Даниил Гранин - Выбор цели
Зябко съежившись, Курчатов охватил себя руками:
— Не могу я…
Допив чай, Халипов, прищурясь, деловито водит пальцем по строчкам:
— Это не сумеем, а под это дело усиленный паек сотрудникам я выцыганю, уж тебе придется раскошелиться… — Но, не выдержав, он срывается: — Ну что ты на себя наворачиваешь?! Ты иначе не мог, и я не могу. Война же идет! Война. Конечно, от пули или там бомбы оно полегче. Знаешь: «Легкой жизни я просил у бога, легкой смерти надо бы просить». А впрочем… откажись я, так ведь еще хуже, совесть бы заела. Он снимает очки, подойдя к Курчатову, утешающе кладет руку на плечо: — Ну, брось, может, чего успеем придумать. А нет — тоже не беда. По крайней мере не зазря…
Голос его стихает, слов уже не разобрать, губы шевелятся все медленнее, застывают, сложенные в хитрую усмешку, и живое лицо его вдруг обретает черты портрета. На портрете он чуть величественнее, чуть проницательнее, чем был, появилась суровость, которой никогда не было.

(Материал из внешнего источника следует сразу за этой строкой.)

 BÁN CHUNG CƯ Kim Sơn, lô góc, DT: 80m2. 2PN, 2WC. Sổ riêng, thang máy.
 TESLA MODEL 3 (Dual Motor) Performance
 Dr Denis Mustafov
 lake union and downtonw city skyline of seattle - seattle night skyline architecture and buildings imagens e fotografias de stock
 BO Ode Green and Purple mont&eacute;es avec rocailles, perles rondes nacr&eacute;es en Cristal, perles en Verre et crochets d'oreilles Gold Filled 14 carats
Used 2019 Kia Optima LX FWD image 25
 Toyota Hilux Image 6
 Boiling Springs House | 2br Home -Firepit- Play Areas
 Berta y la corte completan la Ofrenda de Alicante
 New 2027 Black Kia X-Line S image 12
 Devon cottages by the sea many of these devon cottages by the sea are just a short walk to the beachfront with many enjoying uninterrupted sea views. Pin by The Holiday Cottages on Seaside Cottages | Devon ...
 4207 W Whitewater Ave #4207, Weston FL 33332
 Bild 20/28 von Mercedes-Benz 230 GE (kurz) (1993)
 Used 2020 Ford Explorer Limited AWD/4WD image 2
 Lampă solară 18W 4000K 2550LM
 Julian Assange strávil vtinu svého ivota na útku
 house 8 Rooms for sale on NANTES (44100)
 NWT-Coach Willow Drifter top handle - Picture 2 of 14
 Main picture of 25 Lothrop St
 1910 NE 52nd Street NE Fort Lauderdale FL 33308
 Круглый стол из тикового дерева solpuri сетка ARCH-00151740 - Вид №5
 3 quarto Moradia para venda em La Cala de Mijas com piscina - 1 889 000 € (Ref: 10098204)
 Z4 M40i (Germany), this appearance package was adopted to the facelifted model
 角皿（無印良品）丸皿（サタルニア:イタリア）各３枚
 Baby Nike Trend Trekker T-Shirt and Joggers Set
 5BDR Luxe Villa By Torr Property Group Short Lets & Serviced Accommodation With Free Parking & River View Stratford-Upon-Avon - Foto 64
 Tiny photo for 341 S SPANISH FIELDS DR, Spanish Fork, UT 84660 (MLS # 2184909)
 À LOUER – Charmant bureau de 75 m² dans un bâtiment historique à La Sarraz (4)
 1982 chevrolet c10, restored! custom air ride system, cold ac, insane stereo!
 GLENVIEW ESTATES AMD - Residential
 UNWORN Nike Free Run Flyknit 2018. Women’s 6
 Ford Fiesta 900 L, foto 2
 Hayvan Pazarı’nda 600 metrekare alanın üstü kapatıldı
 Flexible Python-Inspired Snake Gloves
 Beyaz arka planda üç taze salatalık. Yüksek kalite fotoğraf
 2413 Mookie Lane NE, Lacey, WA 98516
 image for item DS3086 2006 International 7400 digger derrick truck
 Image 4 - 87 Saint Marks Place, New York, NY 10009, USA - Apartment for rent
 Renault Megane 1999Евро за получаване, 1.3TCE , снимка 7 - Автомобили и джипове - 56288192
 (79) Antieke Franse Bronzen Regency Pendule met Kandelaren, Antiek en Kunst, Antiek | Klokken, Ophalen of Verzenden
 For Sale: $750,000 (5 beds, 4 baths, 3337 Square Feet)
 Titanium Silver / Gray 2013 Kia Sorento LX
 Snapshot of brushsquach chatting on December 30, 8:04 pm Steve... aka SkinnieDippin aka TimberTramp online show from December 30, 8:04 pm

Портрет этот укреплен на пирамидке могилы, заваленной цветами. Небольшое подмосковное кладбище пустынно. Курчатов один здесь. Похоже, что он остался после похорон. Стоит с непокрытой головой на осеннем ветру, снова — в который раз — допрашивая себя…
В зеленом, неверном свете луны — спальня, открытая дверь на лестницу. Курчатов лежит, не в силах заснуть, потом осторожно, чтобы не разбудить жену, встает с кровати, спускается на первый этаж. Проходит через холл в кабинет, освещенный луной из большого окна. За крестовиной переплета — сад, теплая рассветная тишь, первые нерешительные вскрики птиц.
Курчатов стоит, подняв голову. Слезы катятся по его щекам. Он отирает их рукавом пижамы, они опять набегают, ему никак не справиться с собою.
Сзади неслышно подошла Марина Дмитриевна, тронула его за плечо. С неожиданной злостью он оттолкнул ее, отошел, стиснув зубы.
Она снова подошла.
— Уйди… уйди, — бросил он.
И вдруг не выдержав, разрыдался, стыдясь себя, стискивая кулаки, уткнулся ей в плечо. Она ровно и быстро гладила его по голове.
— Боюсь… я боюсь… — вырывается у него. — А что, если не так… У меня голова раскалывается… Я не могу больше… Не могу… Я же не бог… Они думают, что я знаю… что я знаю все, до конца… а я не могу все рассчитать… ведь все может быть… А если пшик? А? А если все напрасно… — Слова его неразборчиво сливаются, да Марина Дмитриевна и не слушает его, лицо ее закаменело, впервые она видит его рыдающим, ее бьет озноб. У нее хватает лишь сил гладить его, пока он не затихает на ее плече.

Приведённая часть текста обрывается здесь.